The Senate energy committee bill, which is being opposed by the Carter administration and environmental organizations, would not open up Alaska's vast spaces to total destruction by exploiters of natural resources. The amendments that will be proposed to this bill -- and that are being opposed by the energy committee and the state of Alaska -- would not destroy Alaska's economy and would not deprive the nation of vast oil supplies.
The lands bill -- in either form -- is not an energy bill, a gun control bill or a "get" Alaska bill, despite all that has been and will be said. It is a bill that will determine how much federal protection the known and unknown resources of that state receive. The energy committee bill tilts toward opening up for use now or in the near future certain areas that the amendments, as well as the legislation that passed the House last winter, would put into the federal deep freeze.
This difference in approach is illustrated by the way the two versions treat the Arctic Wildlife Range. The energy committee wants that range opened now to oil exploration while reserving to Congress the future decision on whether to extract any oil that might be found there. The amendments, and the House bill, would declare the range to be wilderness where such exploration would be barred.
The difference is critical. If the range is closed to exploration, oil will be sought elsewhere in Alaska. If it is found, pressure to open the range will ease. But if the range is opened now, the resources used in exploring it will not be used elsewhere and, if oil is found under it, the pressure to develop the range -- at the expense of its wildlife -- will be enormous. That leads us to support the conclusion of the Carter administration: put the range in wilderness and look elsewhere first.
The Alaskan state government fears that putting a wilderness stamp on this range (and other areas) will close them forever to development. That is a legitimate fear because Congress has no record of releasing lands once they are designated as wildernesses or national parks. But the wilderness designation should not be regarded as totally irreversible. Its purpose is to preserve for the future as much unspoiled acreage as the nation can now afford. What the policy-makers of the future do with it is their business. Surely future members of Congress will not believe themselves unable to open the range (or other areas, such as the forests of southeast Alaska) if the time comes when the resources they contain are needed desperately.
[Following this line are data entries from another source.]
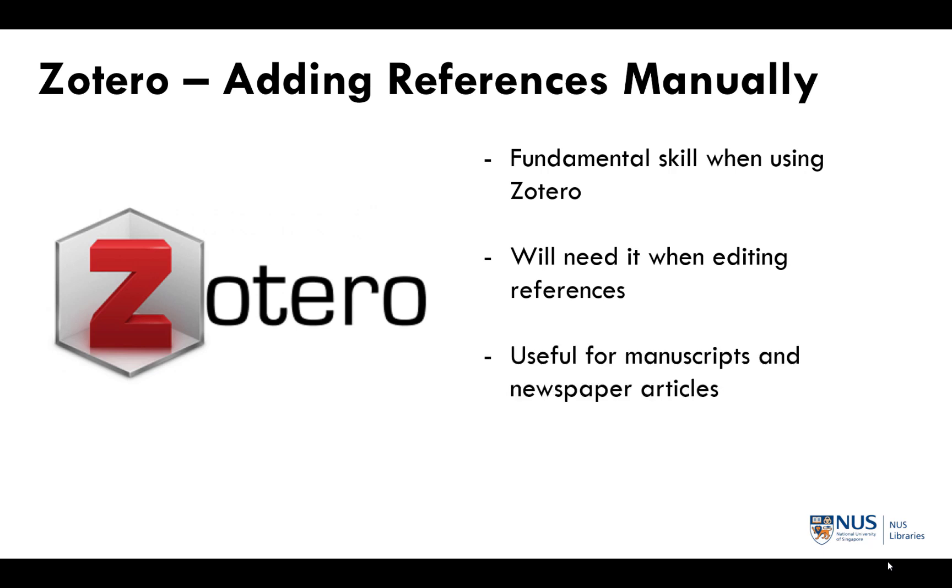You will also find this method of adding references useful when you are dealing with manuscripts or primary sources such as newspaper articles, which only exist in hard copy.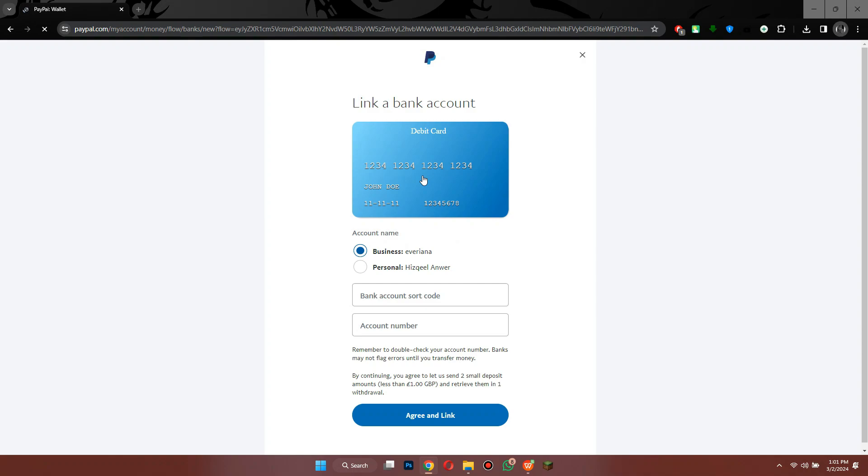So that's basically how you can transfer money from PayPal to Neteller. That's all for this video. Hope you liked the video, thanks for watching.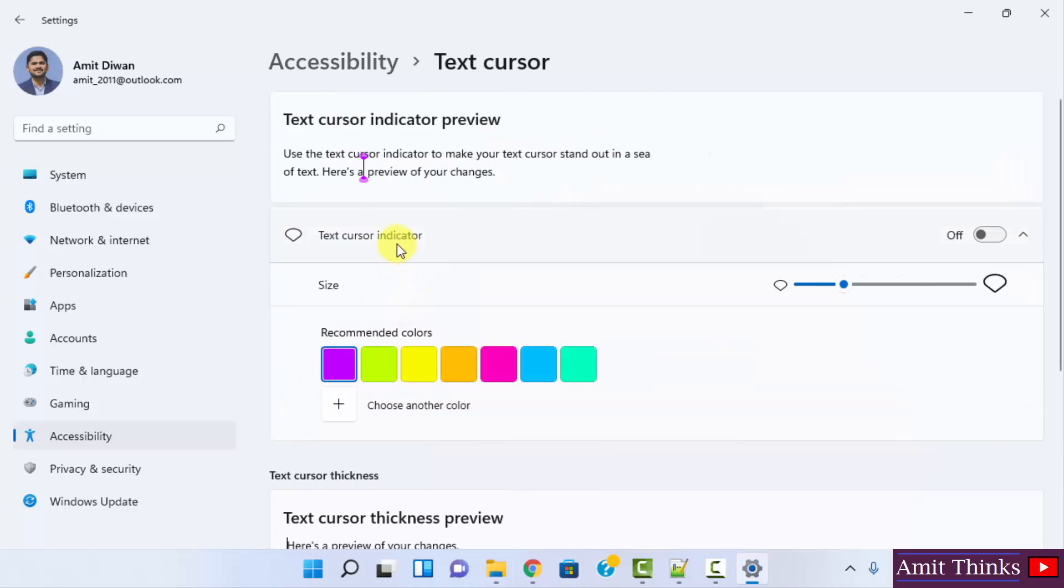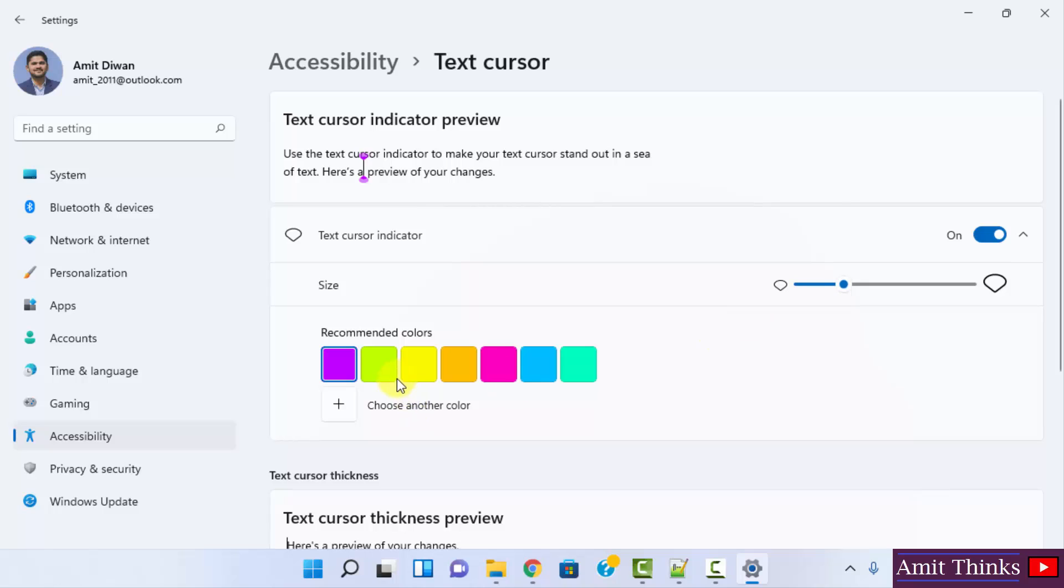When you click here, the indicator is off. You can see by default this is not visible. You can click here to change the size from here, but we want to change the color.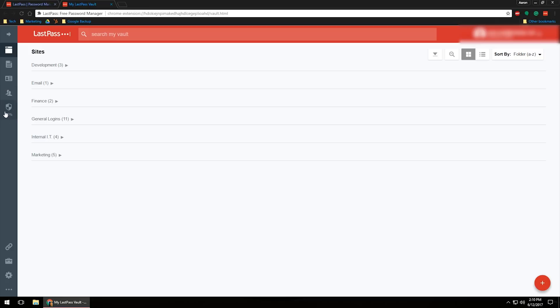And then of course you do have a little shield right here that says 30, well in this case it says 30%, but this will actually show you what your level of security is. You can click on that and do a security challenge, and it will give you information saying okay, you're great, you're secure here, but you could be lacking a little bit of security here, and it will help you to go through and figure that out.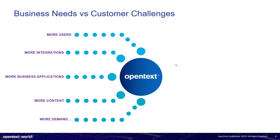So let's start with the business needs versus customer challenges. We all know that we have constantly more users, more integrations, more business applications, more content, and of course, more demand on top of our systems.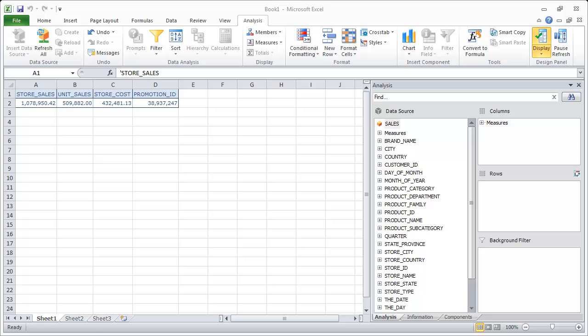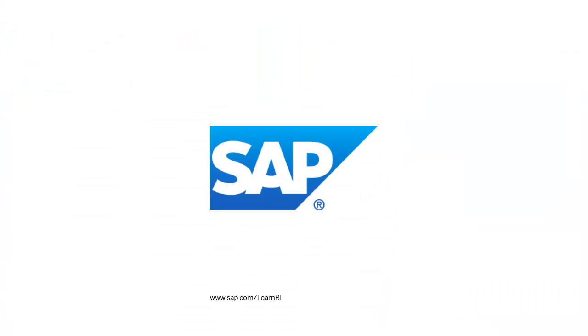We've successfully connected to an SAP HANA data source using an HTTP connection. For more SAP Business Intelligence tutorials, visit sap.com/learnBI. Goodbye.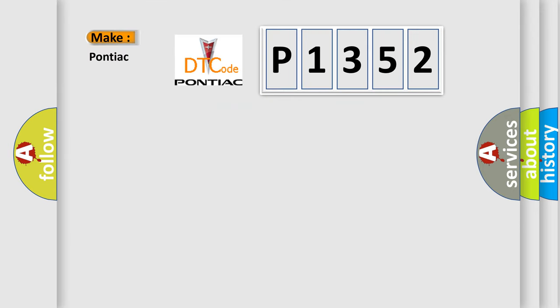So, what does the diagnostic trouble code P1352 interpret specifically for Pontiac car manufacturers?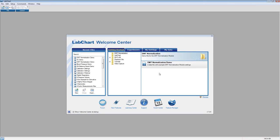I'd like to see if there are any questions. Please let me know. I'd like to thank you for coming to the latest installment of our LabChart Mastery Series webinars on calibrating your DMT myograph. Please let me know if you have any questions — I'll stick around for a little bit.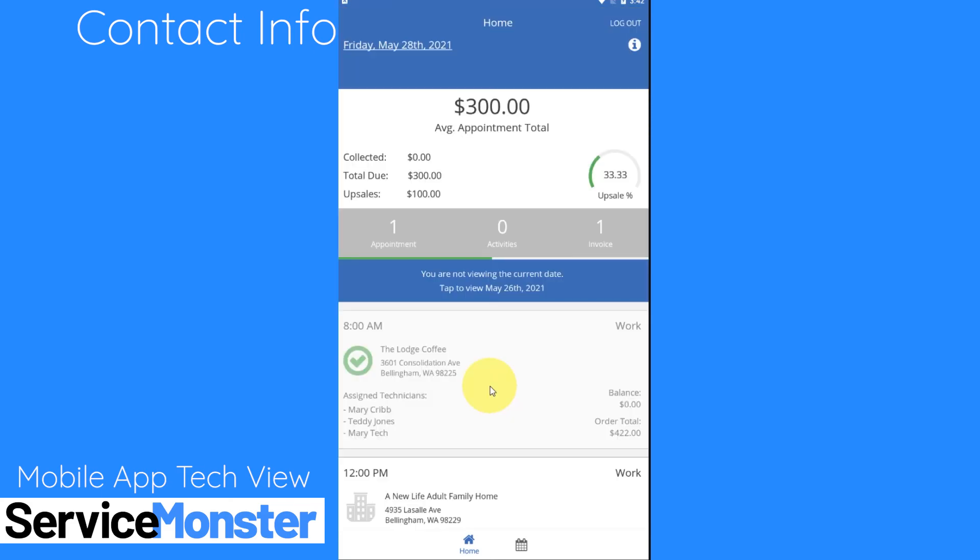Thank you all so much for joining me. As always make sure to reach out to our support team if you have any questions and I wish you the best of luck when it comes to using the Service Monster mobile app. Bye bye!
This approach -- save what you can for the future -- is the one that should guide the Senate's work on this legislation. That is particularly true because knowledge of Alaska's resources is still skimpy.The wildlife range may rest on a vast pool of oil, although the odds are against it. There may or may not be vast pools elsewhere. In this situation, the wise policy is to preserve the best of Alaska until -- at least -- the rest of it has been fully developed. The five key amendments to the energy committee bill do just that.